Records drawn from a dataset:
+ + + + +
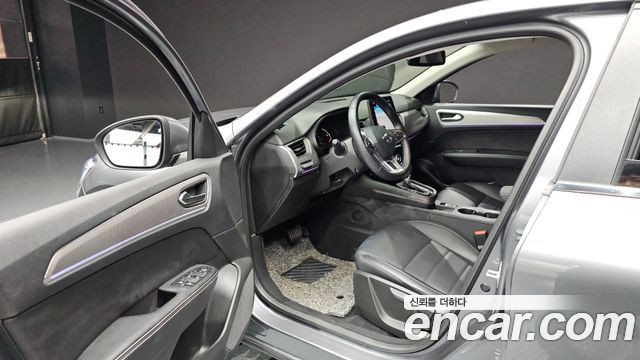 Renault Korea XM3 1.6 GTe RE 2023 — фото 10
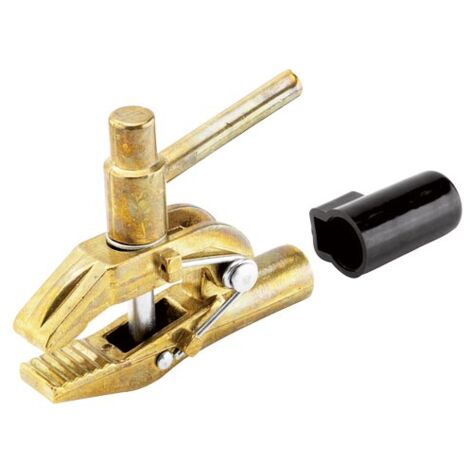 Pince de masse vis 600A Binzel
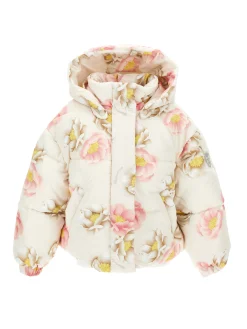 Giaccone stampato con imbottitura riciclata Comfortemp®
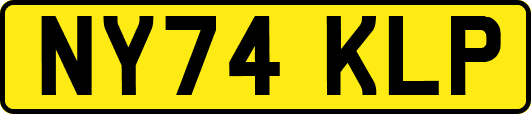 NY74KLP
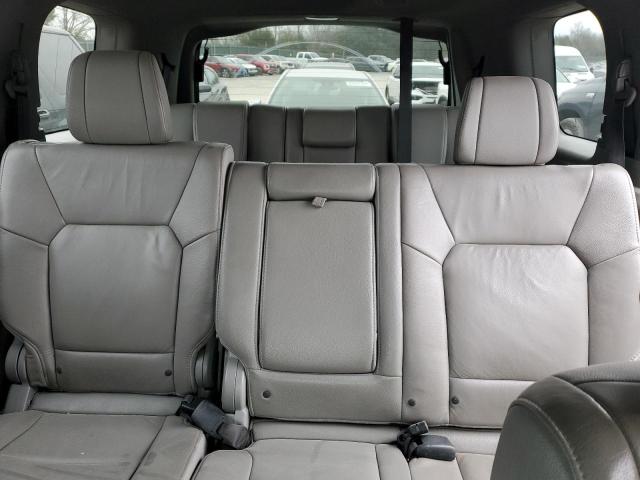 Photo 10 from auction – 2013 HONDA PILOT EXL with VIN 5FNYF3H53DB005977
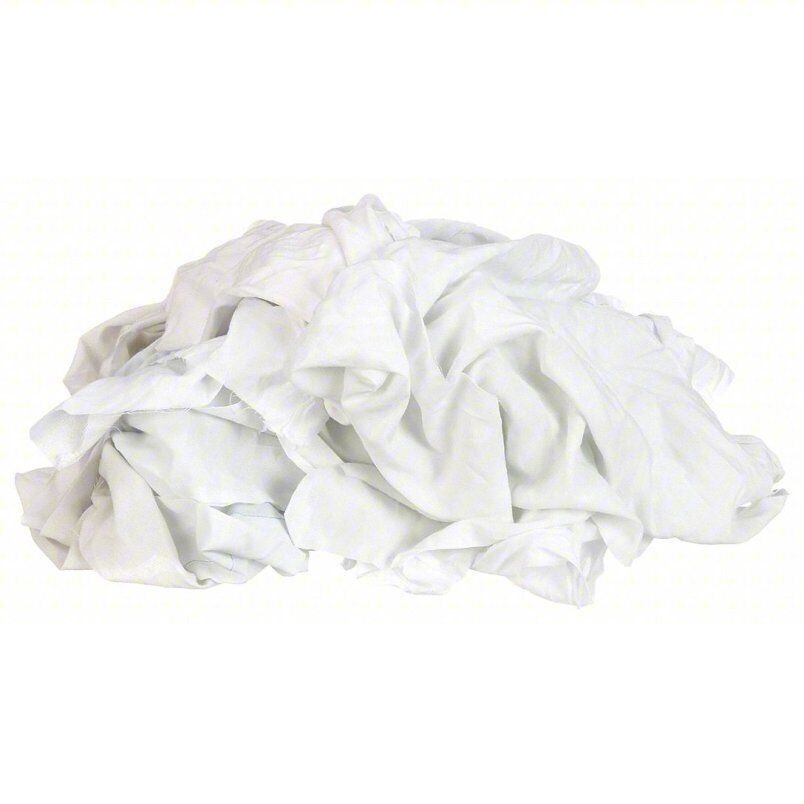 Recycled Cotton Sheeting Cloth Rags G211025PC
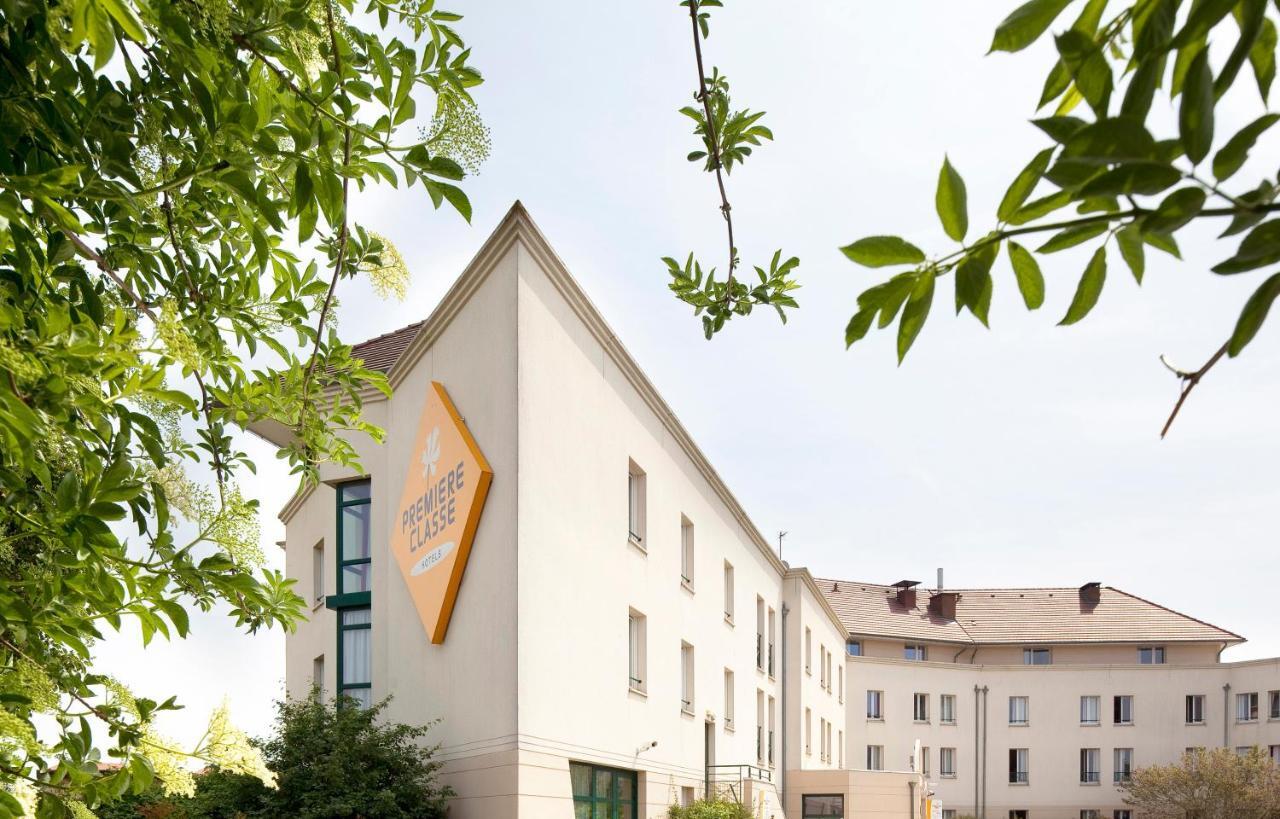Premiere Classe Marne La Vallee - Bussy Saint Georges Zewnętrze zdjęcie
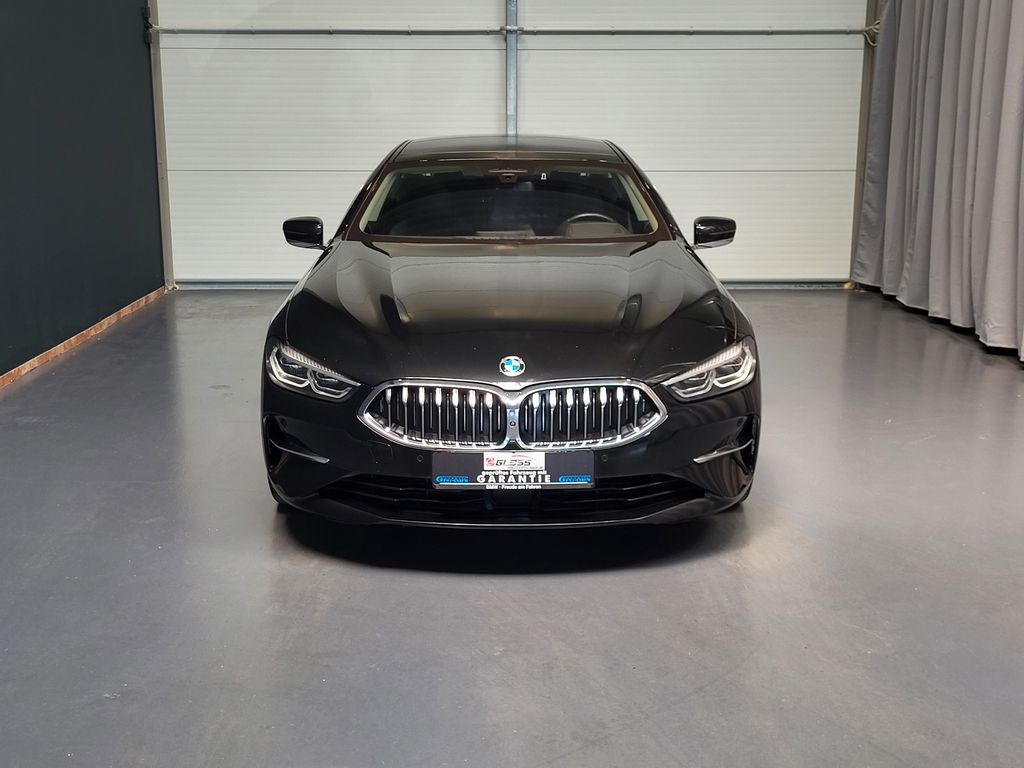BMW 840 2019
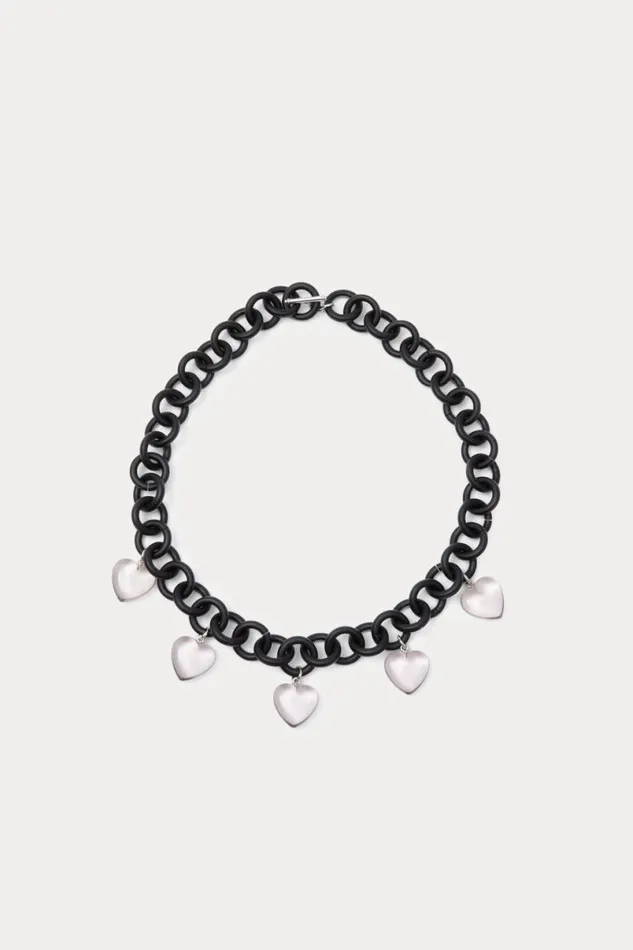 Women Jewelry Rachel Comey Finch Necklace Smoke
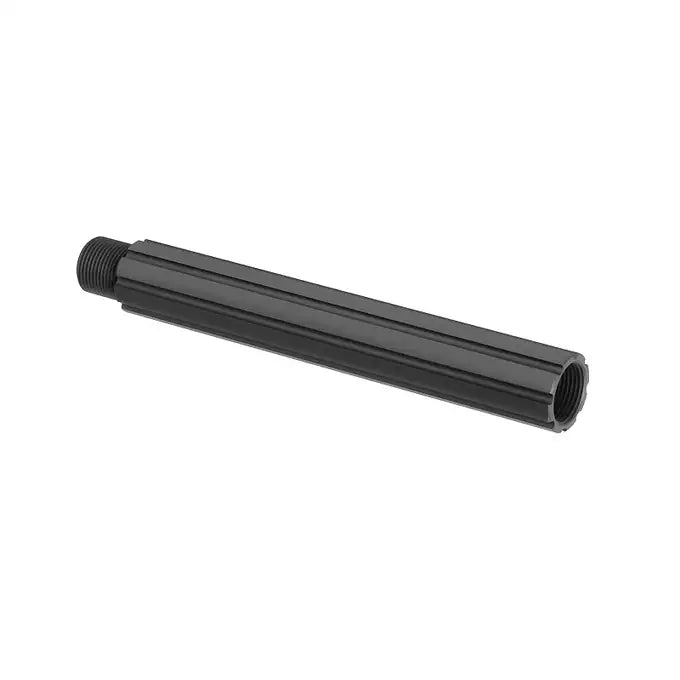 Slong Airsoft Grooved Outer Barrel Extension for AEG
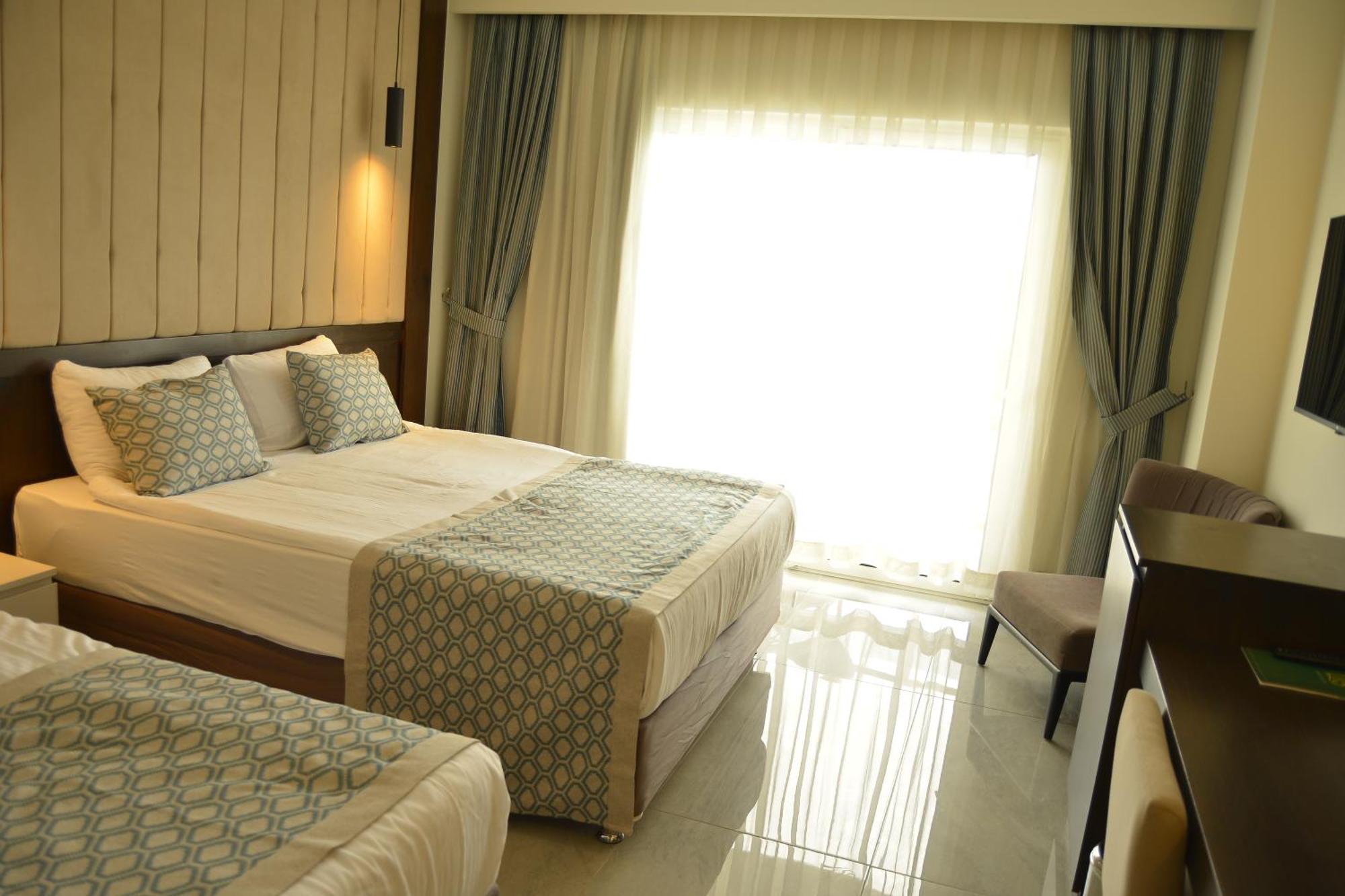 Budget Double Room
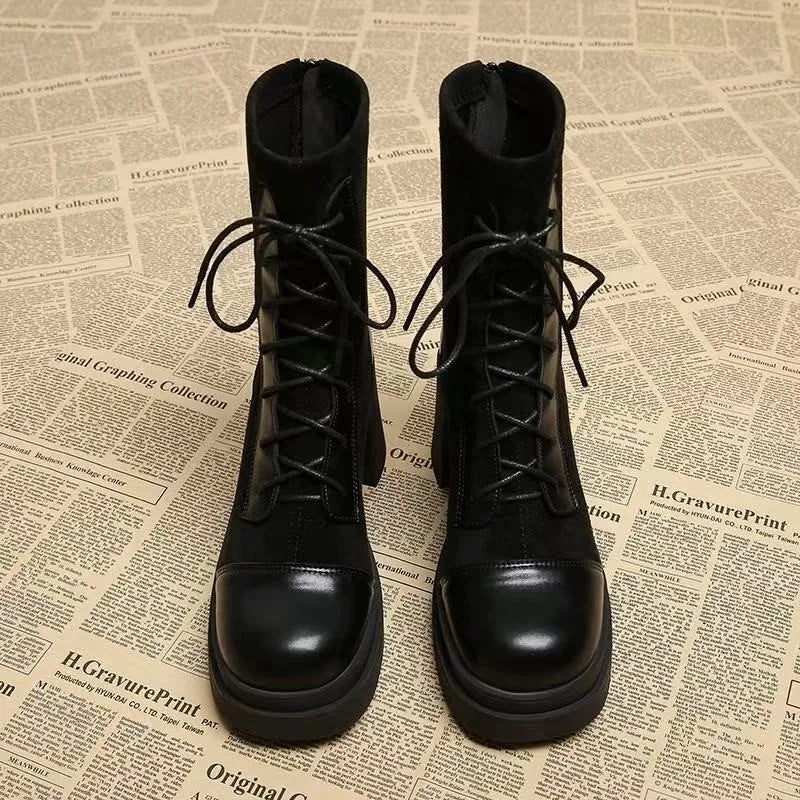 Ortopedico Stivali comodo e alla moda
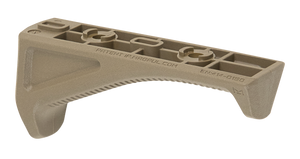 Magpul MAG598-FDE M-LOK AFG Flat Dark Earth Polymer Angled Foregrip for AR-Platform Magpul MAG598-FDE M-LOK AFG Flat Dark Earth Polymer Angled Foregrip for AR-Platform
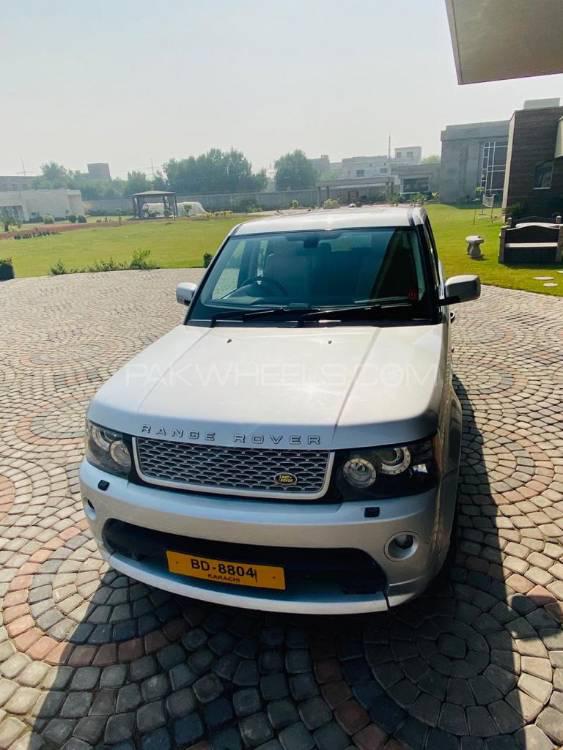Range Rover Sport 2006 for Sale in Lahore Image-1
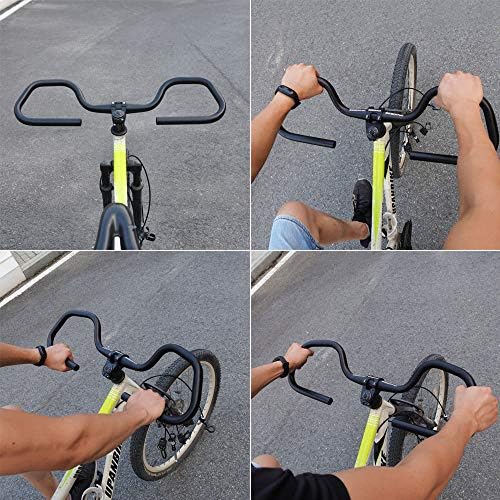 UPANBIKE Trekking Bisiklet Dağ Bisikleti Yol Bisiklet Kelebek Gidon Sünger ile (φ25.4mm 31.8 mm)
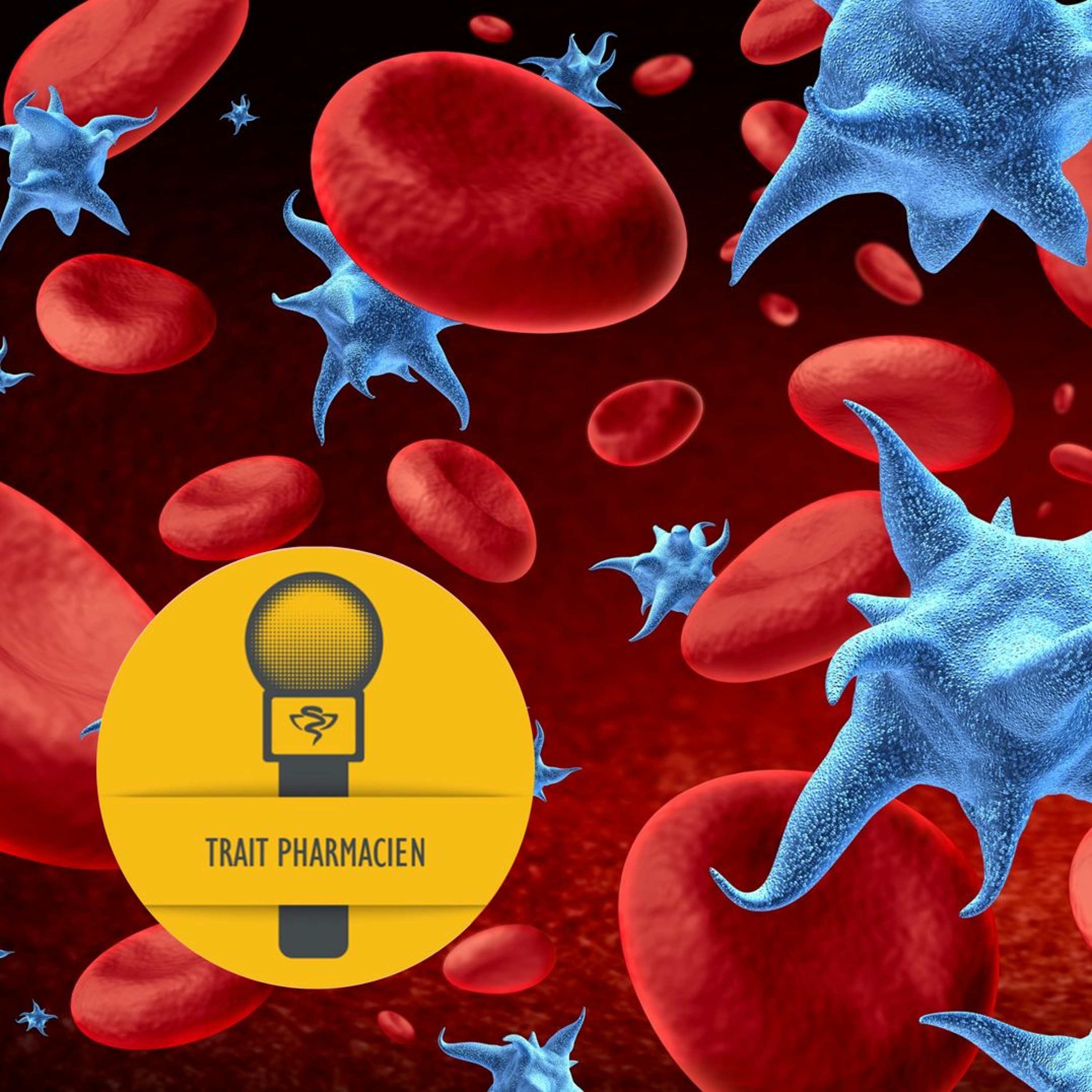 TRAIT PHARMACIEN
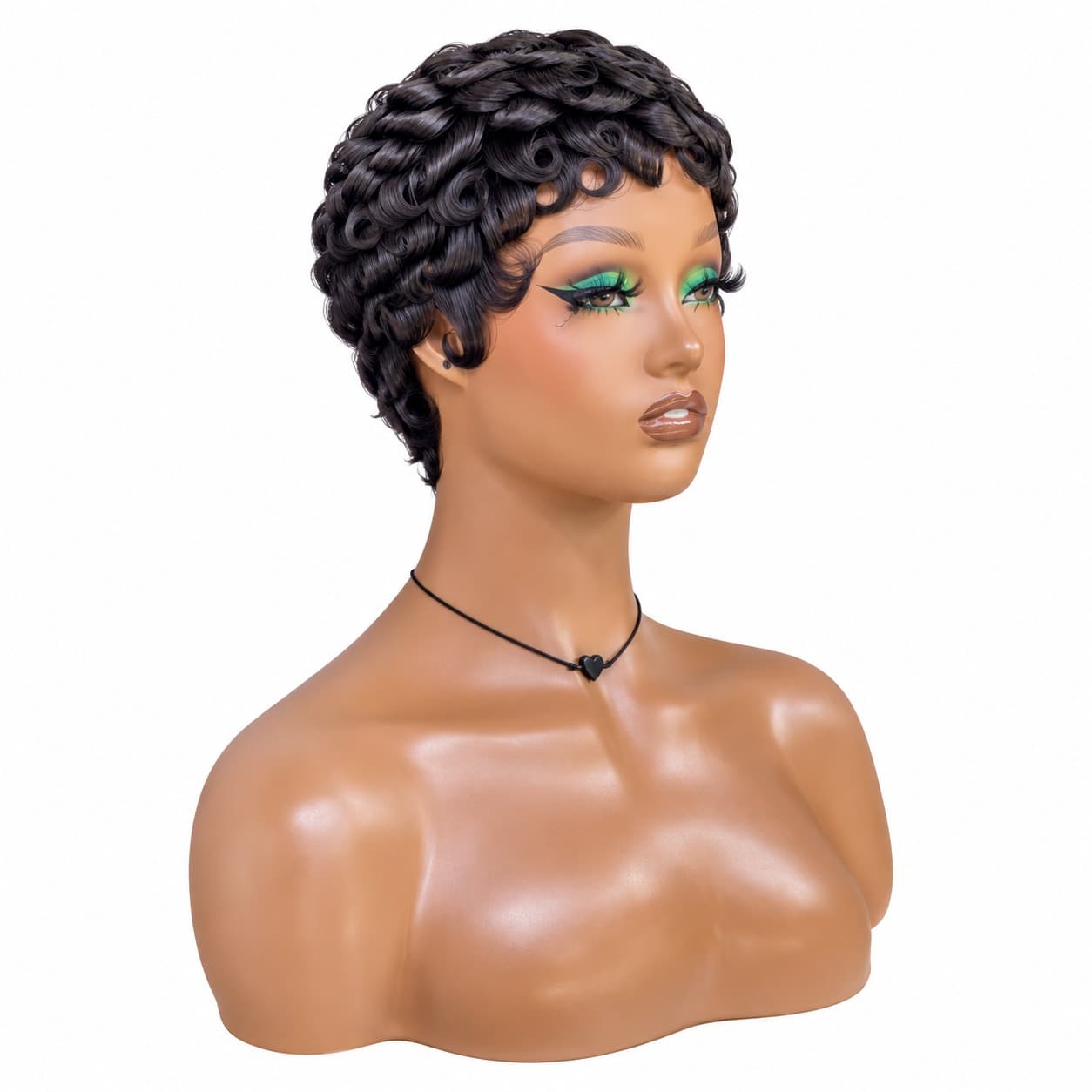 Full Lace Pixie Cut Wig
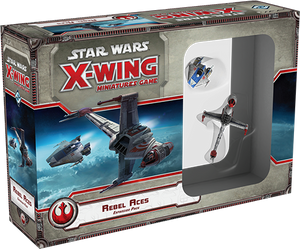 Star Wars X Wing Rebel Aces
+ + + + +
◆ **WHAT IS BEING ASKED**
Repeat each record exactly as shown above, dropping all images.

◆ **SOLUTION TO THE PROBLEM**
 Renault Korea XM3 1.6 GTe RE 2023 — фото 10
 Pince de masse vis 600A Binzel
 Giaccone stampato con imbottitura riciclata Comfortemp®
 NY74KLP
 Photo 10 from auction – 2013 HONDA PILOT EXL with VIN 5FNYF3H53DB005977
 Recycled Cotton Sheeting Cloth Rags G211025PC
Premiere Classe Marne La Vallee - Bussy Saint Georges Zewnętrze zdjęcie
BMW 840 2019
 Women Jewelry Rachel Comey Finch Necklace Smoke
 Slong Airsoft Grooved Outer Barrel Extension for AEG
 Budget Double Room
 Ortopedico Stivali comodo e alla moda
 Magpul MAG598-FDE M-LOK AFG Flat Dark Earth Polymer Angled Foregrip for AR-Platform Magpul MAG598-FDE M-LOK AFG Flat Dark Earth Polymer Angled Foregrip for AR-Platform
Range Rover Sport 2006 for Sale in Lahore Image-1
 UPANBIKE Trekking Bisiklet Dağ Bisikleti Yol Bisiklet Kelebek Gidon Sünger ile (φ25.4mm 31.8 mm)
 TRAIT PHARMACIEN
 Full Lace Pixie Cut Wig
 Star Wars X Wing Rebel Aces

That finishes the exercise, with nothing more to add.